It's okay. I'm not really sure what my professor wants so I can just ask my TA and if I still don't get it I could ask again? But thanks anyway!

ashleynguyenx3 · Answer

Wait I think I got it but I'm not completely sure. Would I find the gradient and derivative then multiply them using the dot product? Or no?

ashleynguyenx3 · Answer

The word tangent vector is throwing me off

irishboy123 · Answer

yes, your use of tangent vector is what is stumping me a little you can find the tangents wrt x and y and then cross product them and you get the normal the normal should then dot to zero with either tangent Eg, with u and v as the parameters for position vector r: r(u,v) = dr/du = <1,0,∂f/∂u> dr/dv = <1,0,∂f/∂v> normal =<1,0,∂f/∂u> X <1,0,∂f/∂v> = <-∂f/∂u, -∂f/∂v, 1> normal • dr/du = <-∂f/∂u, -∂f/∂v, 1>• <1, 0, ∂f/∂u> = 0 normal • dr/dv = <-∂f/∂u, -∂f/∂v, 1>• <0, 1, df/∂v> = 0 however, that's not what this proof you have been given is really going at. it's very mathsy for my taste and not very intuitive, i much prefer the geometric approach to this stuff. i hope it goes well with the TA and sorry i could not be of more help. PS both Riley and Boas (Maths for Engineers and Physicists) treat this very well. but maybe again not mathsy enough for what your prof wants.

ashleynguyenx3 · Answer

It's okay but thank you!
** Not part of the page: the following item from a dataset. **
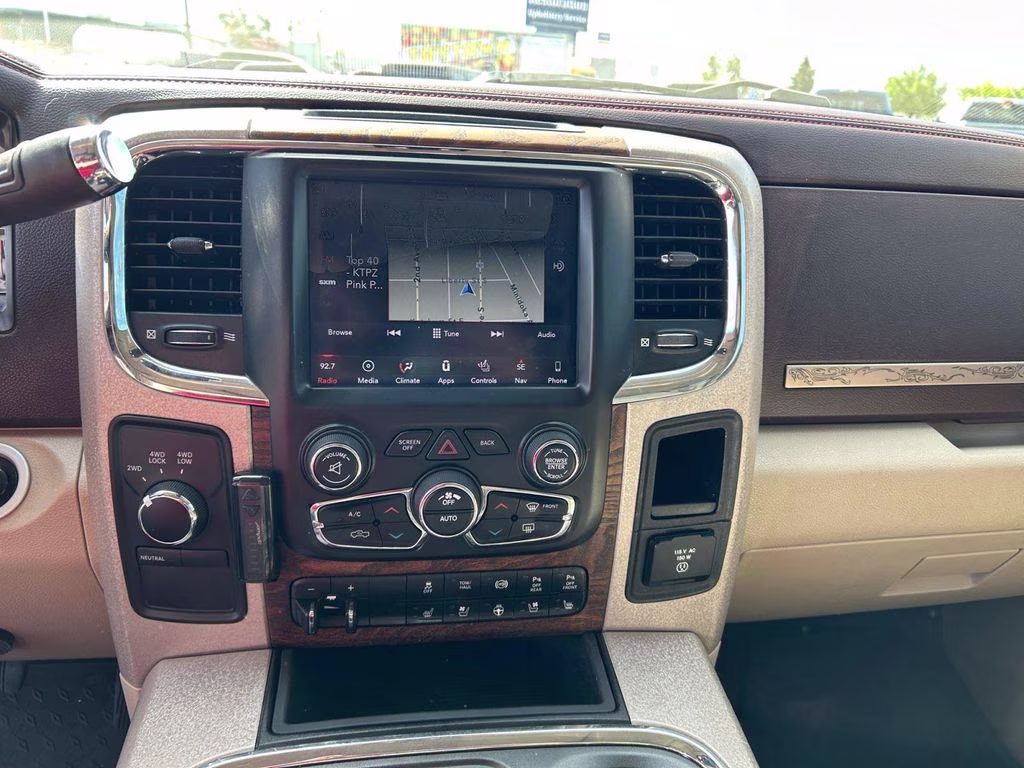 2018 Brilliant Black Crystal Pearlcoat Ram 2500 Laramie Longhorn 4X4 Truck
Maybe you can help me tomorrow if I have a better explanation to what they mean by "tangent vector." And my professor does more of analytical approaches, that's why i don't really get a lot of problems and it confuses me. But thank you for helping! :)

irishboy123 · Answer

cheers!

ashleynguyenx3 · Answer

I figured it out. Just to let you know lol

irishboy123 · Answer

cool!